# [REQUIRED WORK]
Pictures within the data are to be left out; everything else must be reproduced exactly.

# [GIVEN DATA]
▬▬▬
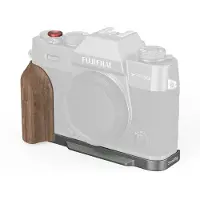 SmallRig Plaque de montage en L 5668 avec poignée en bois pour FUJIFILM X-T30 / X-T30 II / X-T30 III, argent anthracite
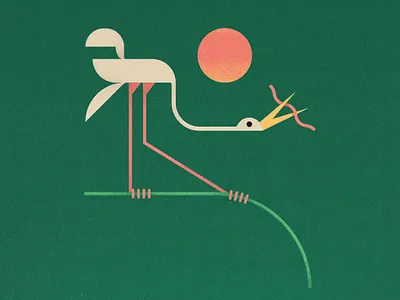 Egret adobe bird egret grain illustration illustrator mid century midcentury outdoors vector vintage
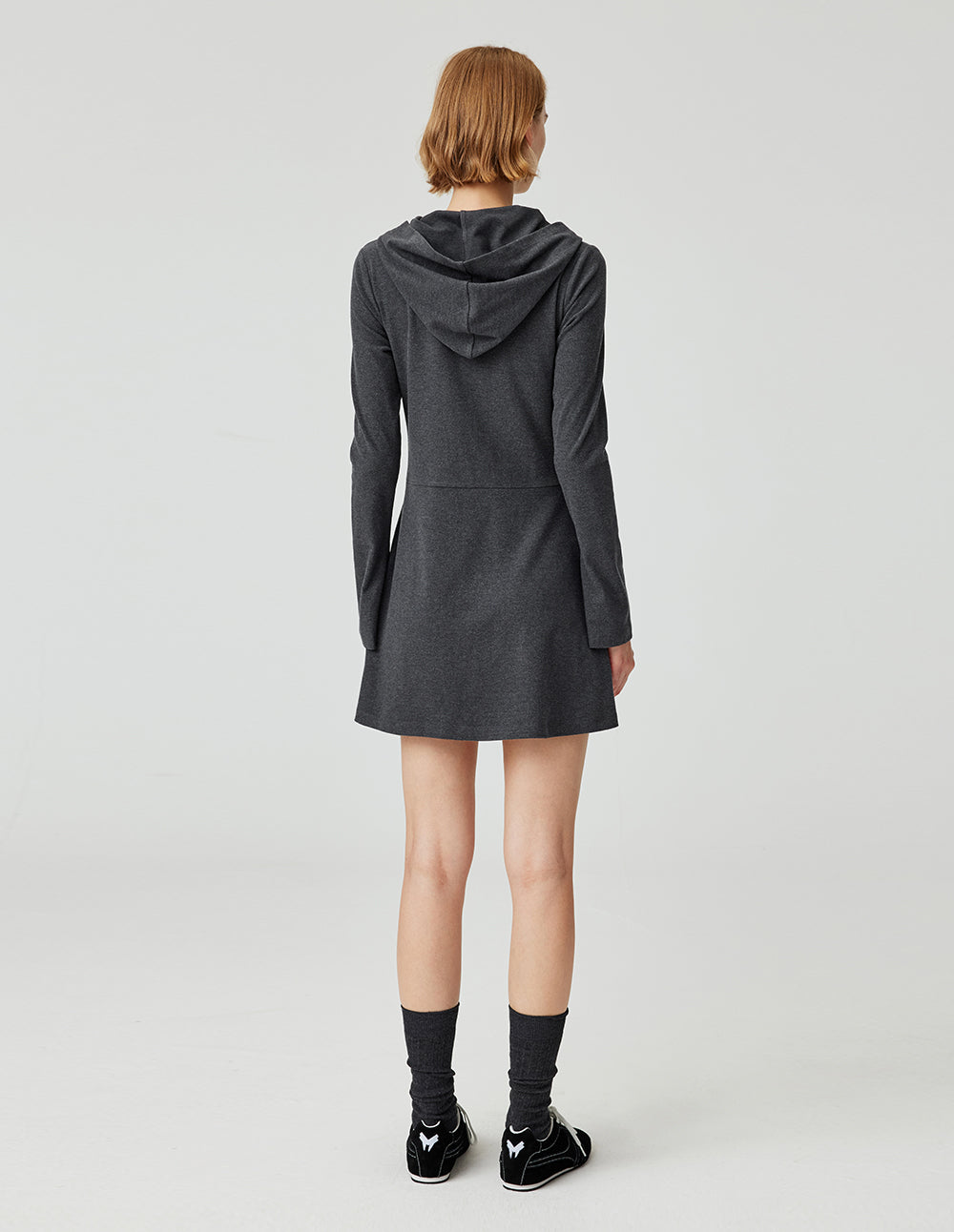 MF Hooded, Flared Design Dark Gray A-line Long Dress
▬▬▬
# [RESPONSE TO THIS EXERCISE]
 SmallRig Plaque de montage en L 5668 avec poignée en bois pour FUJIFILM X-T30 / X-T30 II / X-T30 III, argent anthracite
 Egret adobe bird egret grain illustration illustrator mid century midcentury outdoors vector vintage
 MF Hooded, Flared Design Dark Gray A-line Long Dress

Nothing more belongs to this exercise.